* **What to work on**: Write out the whole listing below exactly, skipping each picture.

Given data Start Marker

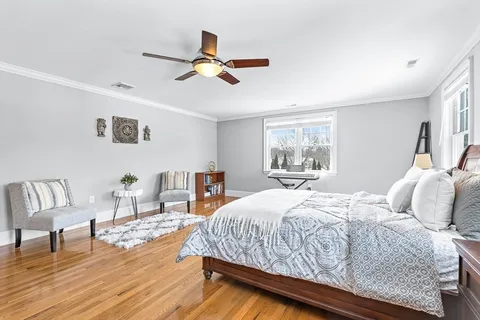 $3,537,000 | 37 Mayflower Road, Winchester, MA 01890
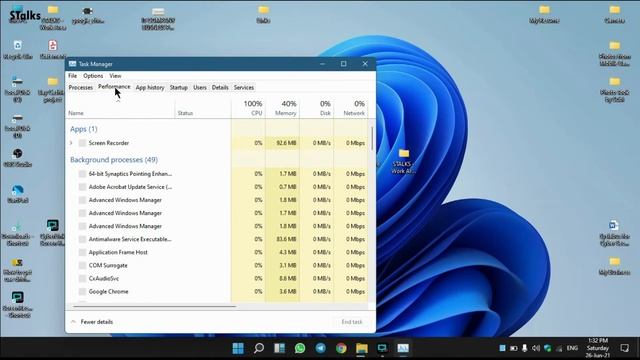 How to Switch to Windows 11? 🔥🔥🔥 Sensational Update From Microsoft смотреть онлайн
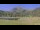 Webcam in Ossach, 10 km entfernt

Given data End Marker

* **Task answer**:
 $3,537,000 | 37 Mayflower Road, Winchester, MA 01890
 How to Switch to Windows 11? 🔥🔥🔥 Sensational Update From Microsoft смотреть онлайн
 Webcam in Ossach, 10 km entfernt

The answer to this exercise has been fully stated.